Varietal-wise, what we're learning is that Syrah, Grenache, and Mourvedre are the ones that people are finding they can so much with here.  Also, Tempranillo and Sangiovese.  They all just tend to take the heat and keep on going.

NM: Yes, very much like their respective regions of origin — southern France, central Spain, and Italy — which all have very warm, often hot and dry climates.  Now, what about white varietals?  You mentioned the occasional Chardonnay — are there any others?

RK: Probably the one single varietal that has really come on strong in Texas, like it has in a few other areas, is Viognier — it just loves the weather, it loves the soil, it's been grown in a variety of different settings in the High Plains, and even the Hill Country.  It loves the heat, it ripens very nicely in those areas.  One that I just had last week was from McPherson Cellars in Lubbock, which makes a High Plains Viognier.  There's also a relatively new winery called Brennan Vineyards in the northern part of the Hill Country, which won the grand champion award for their Viognier last year at an international wine competition that's done around the Texas Rodeo & Livestock show.  So, to me, that's a great example of a grape that really does well in Texas.  It can handle a lot of different environments like we have — we're about the size of France, so we have a lot of different terroirs.

Another interesting thing is that there's been several experimental plots grown of Italian varietals, where even in areas that are not like the Texas High Plains that have the cool nights, they still retain a lot of acidity.  That's one of the things typical of varietals from Italy; they make good food-wines because they have this good acid bite going.  So, we're finding that some of these red and white grapes from Italy — either as single varietal wines or blends ('Rosso' or 'Bianco') — are doing very well.

"There's an elevation and lack of humidity in the northwest quadrant of the state, which make for hot, dry days and cool-to-cold nights — all of which give us premium grapes."
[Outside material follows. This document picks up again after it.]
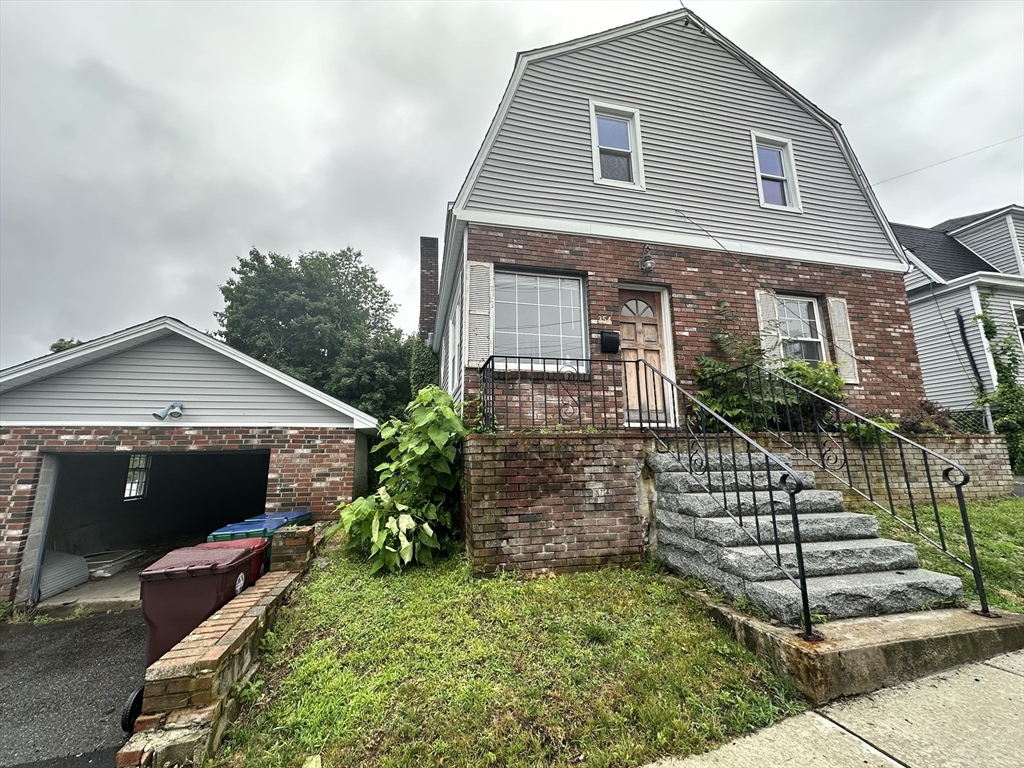 354 University Avenue Lowell, MA 01854 - Photo 2 of 13 a front view of a house with garden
As a matter of fact, I had one very good experience.  One winery actually makes a Pinot Grigio with grapes grown up there [in the High Plains].  Now, that's pretty tricky.  Because, if you've ever seen Pinot Grigio, they're not totally yellow-green; the riper they get, the more they turn kind of a pinkish color.  And the sun is so strong at that elevation, that if they're not careful with their canopy management, then they can actually get a blush or a rosé Pinot Grigio.  But it's got an intense fruit and a good acidity that carries it.  One thing that I do a lot of time is that I give people blind tastings between Texas and some other region.  A few years ago I did a tasting for the Italian-American Chamber of Commerce.  And one of the wines that I picked was a Messina Hof Pinot Grigio and they had that blind with another Pinot Grigio from Italy.  And when I took off the wrappers, the wine they had actually picked was the Messina Hof!  It just blew everybody's mind that you can actually do Pinot Grigio in Texas.  And that's how I tend to break down a lot of barriers, with these side-by-side tastings.  I love to do comparative tastings.